Book Review: The Magician King (Here Be Spoilers)

So I finished Lev Grossman's The Magician King. I'd been afraid that I wouldn't remember anything from The Magicians, since I read that one years ago. And Grossman doesn't give you much; there are no handy pockets of exposition. And there were definitely a few references I couldn't remember at all, or only vaguely. But somehow it worked anyway; I remembered enough.

The book picks up where the first left off. Quentin, Julia, Eliot and Janet are the kings and queens of Fillory, a Narnia-esque magical land from a book series they grew up reading. It's kind of novel (hah!) to have characters in a fantasy novel have the same literary canon that we do (with the addition of Fillory, of course). They make references to Harry Potter and Narnia and Tolkein. They have specific ideas of how things are supposed to work. Take quests, for example:

"He'd read enough to know that a state of relative ignorance wasn't necessarily a handicap on a quest. It was something your dauntless questing knight accepted and embraced. You lit out into the wilderness at random, and if your state of mind, or maybe it was your soul, was correct, then adventure would find you through the natural course of events. It was like free association--there were no wrong answers. It worked as long as you weren't trying too hard."

Dude, I can't even tell you how many quest stories I've tried to write. It seems so easy from the outside because there are no rules, there doesn't have to be a map. But then you have to make shit actually happen, and it gets all complicated and hard. Anyway. The tone of this book is unique. Quentin loves magic the same way any of us fantasy-lovers would if we found out it was real. If I could go to Narnia? Shit. I'd be all over that. So it's easy to identify with Quentin. He can get a little douchey at times, but we get it. He does stuff because it looks cool. He wants adventure because he loves the idea of adventure. It's a specific idea of adventure, too; when he gets stuck on Earth for a few days, even though he's traversing the secret paths of this underground magic community, he's meeting river dragons and hanging out in a palazzo in Venice, he doesn't even realize he's having an adventure. All he can think about is getting back to Fillory. A quest is just more...questy on a ship, amirite?

Quentin's whole journey is only part of the story. Grossman switches between Quentin's perspective in the present and Queen Julia's past. Because Julia was different--she wasn't accepted into the magic school with Quentin and the others. She learned magic existed, and was shut out from that world.

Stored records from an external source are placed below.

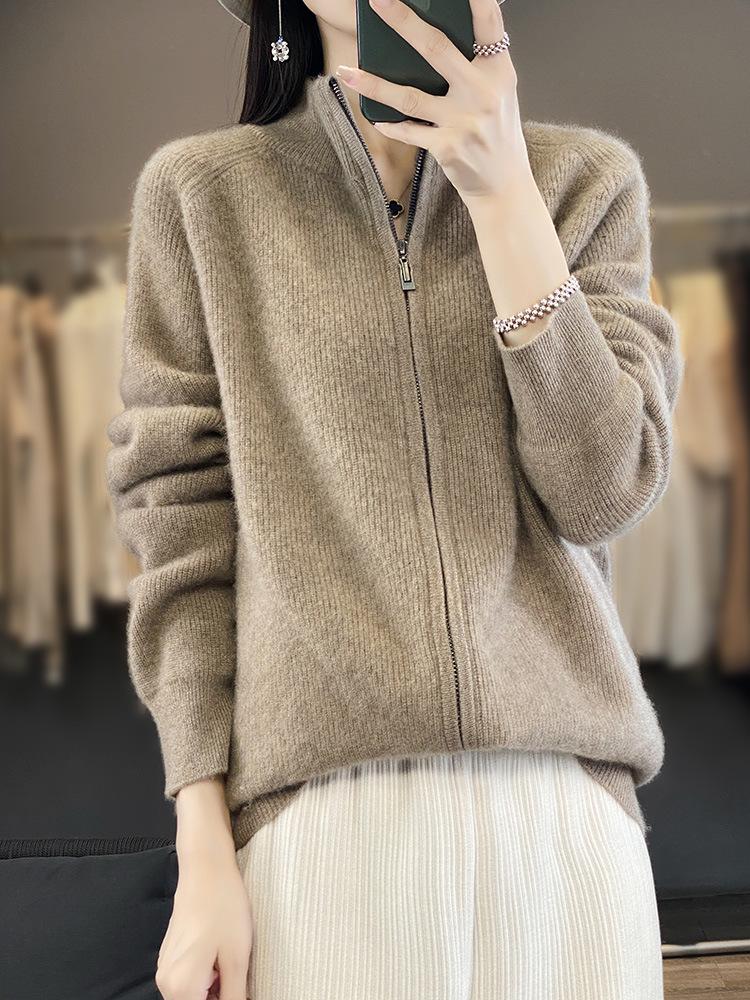 Ribbed Wool Knit Cardigan Coat with Raglan Sleeves - Loose, Slimming Base Layer for Autumn and Winter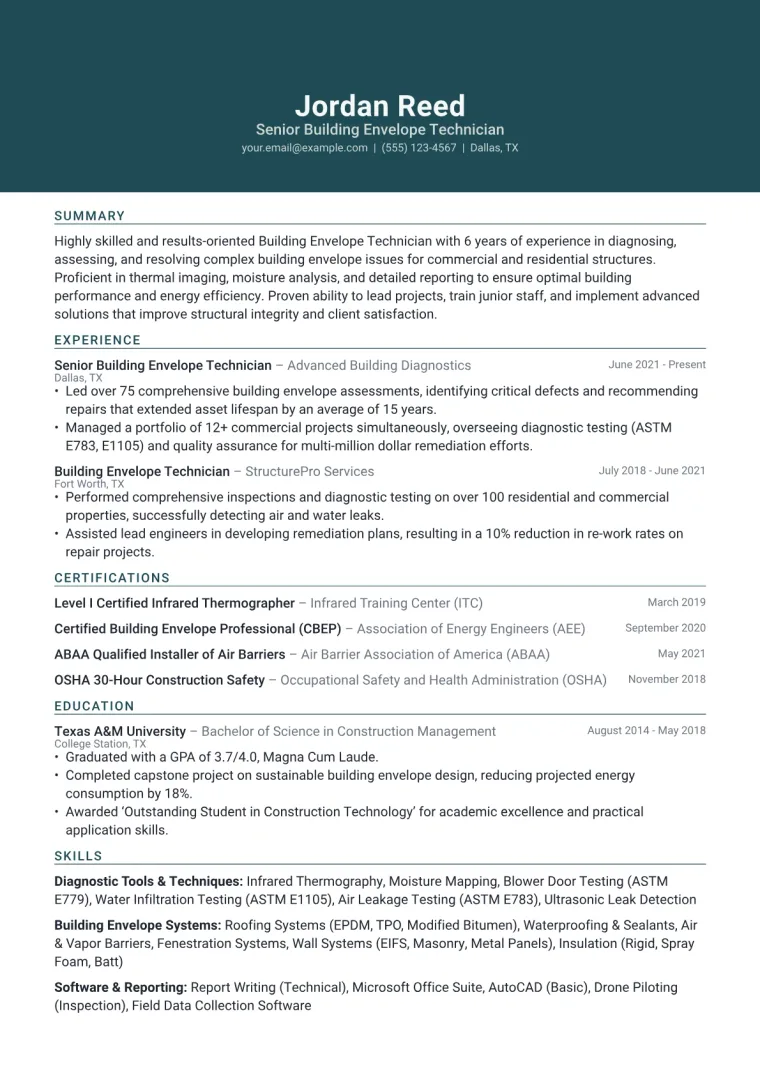 Building Envelope Technician Resume Example CV template preview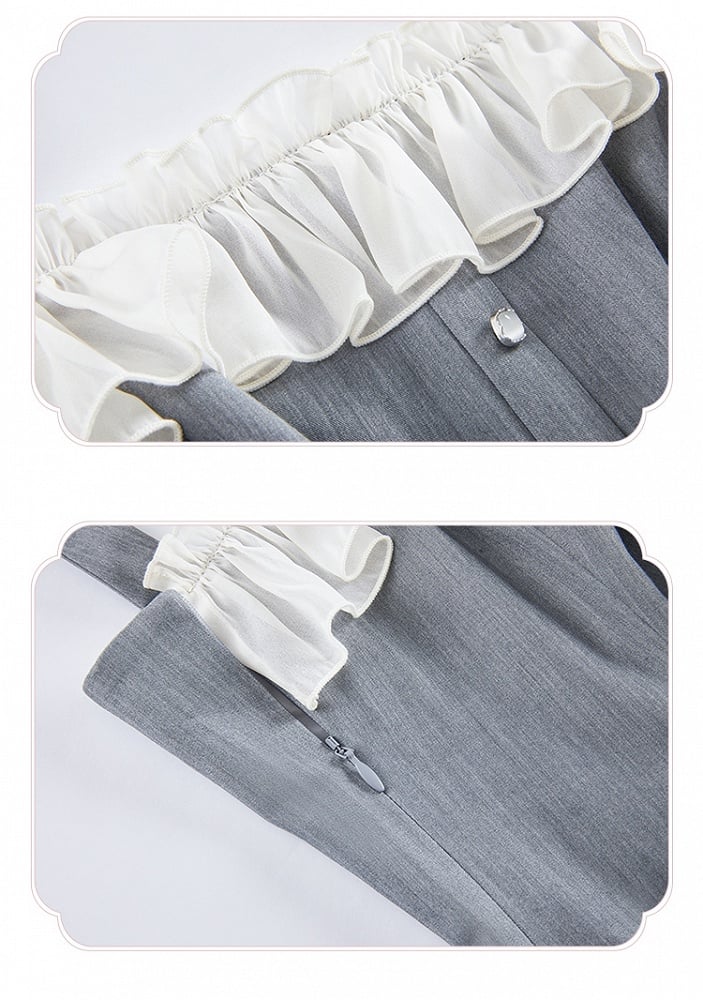 Gray Slim Fit Waist Elegant Lolita Fashion Dress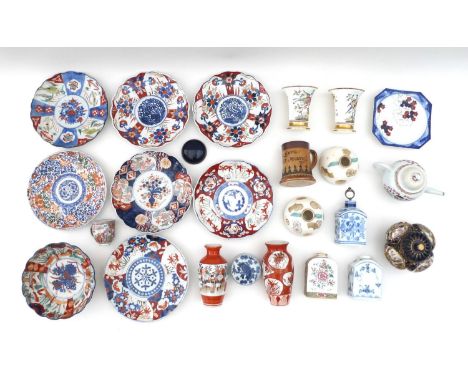 A large group of English, European, Chinese and Japanese ceramics, including seven Japanese Imari plates, largest 22cm diamet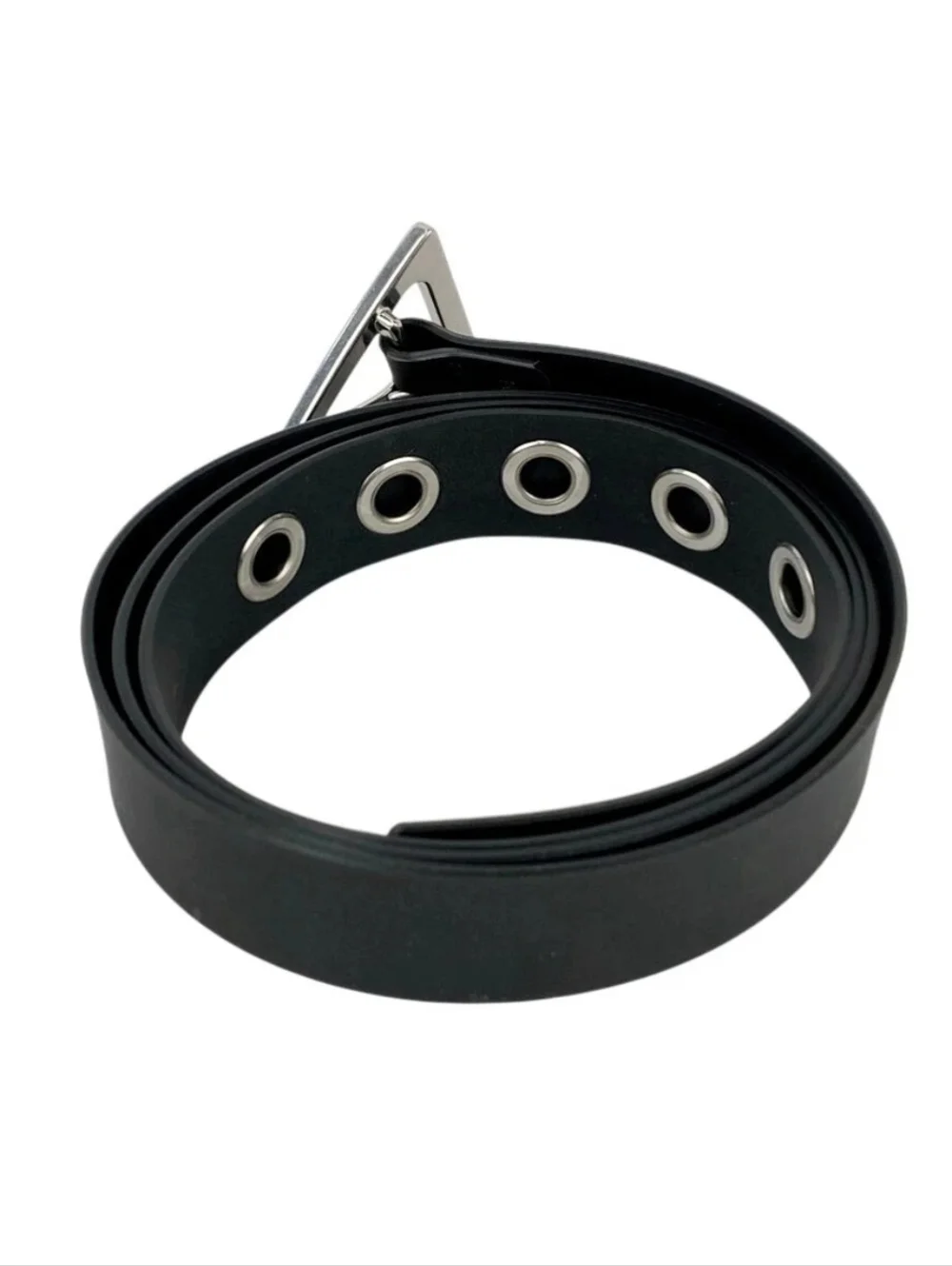 Bottega Veneta Triangle Black Matte Gummy Rubber Belt Size 40 NIB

She didn't take it very well.

I loved Julia's chapters. They're darker than Quentin's. She suffers from depression. She throws her old life away, family and all, in her pursuit of magic. I feel like it was handled well. She acknowledges that she's destroying her family, breaking their hearts, by leaving. But we can also understand why she does it. Grossman never condemns her. When she eventually finds her own magic "school," her own community, we know things aren't going to end well. In the present, we know she is struggling with, well, humanity. Quentin notes early in the book that "she didn't speak much these days. And for some reason she'd mostly given up using contractions." She only seems to get worse as the book goes on--she retreats into herself, acts all cryptic, that kind of thing. It might be frustrating if Grossman didn't give us insight into how and why she became this way.